I’d never witnessed the legislative process in action before I went to testify in opposition to Montana Joint House Resolution 9 (H.R. 9). H.R. 9 was introduced in early February. While it’s not the worst bill, it is a symbolic gesture threatening public lands that seem to be so popular amongst the new sagebrush rebels.
What is H.R. 9? In a nutshell, when Congress passed the act to create Wilderness Study Areas (WSA) the idea was to study the land in question for a period of 5 years, after which a recommendation would be made to Congress to either designate the area as Wilderness or give it some other designation. This was in 1977. Today Montana still has almost a million acres of WSAs. HR 9 asks Congress to “release” seven of Montana’s study areas back to the Forest Service to be managed as “multi-use” (meaning extraction, road building, and motorized use) ignoring the citizen based collaborative efforts working hard to recommend to the forest service a management scenario that reflects the use of the WSAs in 2017.
Why does this matter? Congress is unlikely to act because the state of Montana sent them a letter (although lately, it seems like anything is possible). From my perspective as a sales rep in the outdoor industry, this legislation is more than symbolic. It represents a direct attack on my industry and a key economic driver of our western states. The current status of the Outdoor Retailer show in Utah is a prime example of symbolic acts having large consequences. Governor Herbert and the UT congressional delegation have sent a letter asking the new President to rescind the designation of Bear’s Ears as a National Monument. Even if this petitioning is unlikely to succeed, this anti-public land sentiment caused a cascade of events leading the show to leave Utah in search of a more recreation and public land friendly home. Bills like H.R. 9 in Montana send the same message as Utah, a message that public lands don’t matter.
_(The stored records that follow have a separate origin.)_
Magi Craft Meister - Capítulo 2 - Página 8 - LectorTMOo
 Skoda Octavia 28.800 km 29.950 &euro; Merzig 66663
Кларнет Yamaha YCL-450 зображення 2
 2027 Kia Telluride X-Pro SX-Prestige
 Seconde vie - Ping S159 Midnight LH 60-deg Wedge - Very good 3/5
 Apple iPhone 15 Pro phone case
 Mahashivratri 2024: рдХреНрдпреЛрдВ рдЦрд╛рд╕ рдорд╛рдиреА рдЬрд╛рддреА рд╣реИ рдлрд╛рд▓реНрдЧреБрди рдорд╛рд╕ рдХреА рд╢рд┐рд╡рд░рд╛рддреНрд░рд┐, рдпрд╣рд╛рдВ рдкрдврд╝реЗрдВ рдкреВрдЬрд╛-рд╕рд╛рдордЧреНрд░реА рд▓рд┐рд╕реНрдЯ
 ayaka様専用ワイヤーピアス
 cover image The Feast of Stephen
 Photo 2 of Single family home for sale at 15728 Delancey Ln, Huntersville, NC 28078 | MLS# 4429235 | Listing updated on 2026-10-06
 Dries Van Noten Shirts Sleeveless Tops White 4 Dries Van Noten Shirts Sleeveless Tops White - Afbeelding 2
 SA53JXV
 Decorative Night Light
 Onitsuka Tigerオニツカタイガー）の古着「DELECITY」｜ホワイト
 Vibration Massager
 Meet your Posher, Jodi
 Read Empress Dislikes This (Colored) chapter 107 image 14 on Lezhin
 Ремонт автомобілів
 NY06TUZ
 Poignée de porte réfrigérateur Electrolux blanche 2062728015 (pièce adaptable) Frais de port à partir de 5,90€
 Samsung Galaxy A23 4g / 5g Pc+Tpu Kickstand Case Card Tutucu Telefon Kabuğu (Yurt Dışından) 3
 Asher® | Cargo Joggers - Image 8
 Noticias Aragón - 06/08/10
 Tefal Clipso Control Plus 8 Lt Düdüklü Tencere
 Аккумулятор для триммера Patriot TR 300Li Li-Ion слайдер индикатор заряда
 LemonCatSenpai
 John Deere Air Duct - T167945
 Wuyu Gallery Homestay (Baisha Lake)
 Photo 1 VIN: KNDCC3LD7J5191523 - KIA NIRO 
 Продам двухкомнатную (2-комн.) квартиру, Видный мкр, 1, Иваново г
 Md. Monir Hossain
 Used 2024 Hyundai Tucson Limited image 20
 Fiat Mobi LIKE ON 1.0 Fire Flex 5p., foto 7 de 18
And that is not a message that myself or my industry want associated with our home state.
So that’s why I found myself in the hearing room of the Natural Resource Committee on president’s day while most of my friends were out skiing (yes, I skipped a powder day - it was worth it). The room was packed, mostly with opponents of H.R. 9. When it was time to give testimony I paid close attention to the people who resonated with the legislators and I’d like to pass on what I learned.
- Time is short- be concise so others have time to speak.
- Think back to high school English and the 5-paragraph essay format: state your thesis, support it clearly with evidence, make a succinct conclusion, and tell the committee how you would like for them to vote.
- Emotion is great but facts are greater.
In every hearing you’re going to have folks on your side and folks against you - try to make your point with facts that help the legislators who are on your side. Pretty flowers, expansive views, and wildlife habitat are awesome reasons for the existence of a WSA but striking down the technical validity of the bill or providing a legislator with an economic reason to vote against the party line is the reason we need to show up and testify. Do your research before you go, it’s ok to be a passionate defender of wild spaces, but be a passionate and educated defender to make the most of your time in the spotlight.
As it stands now, HR 9 passed the House on a party line vote and goes before the Senate soon. It looks like I have another trip to Helena in my future! It’s funny, I should be demoralized that our legislators crassly ignored our efforts but I’m not. If it takes years to educate both our fellow citizens and our legislators about the importance of public land access so be it- I’m in this fight for the long haul.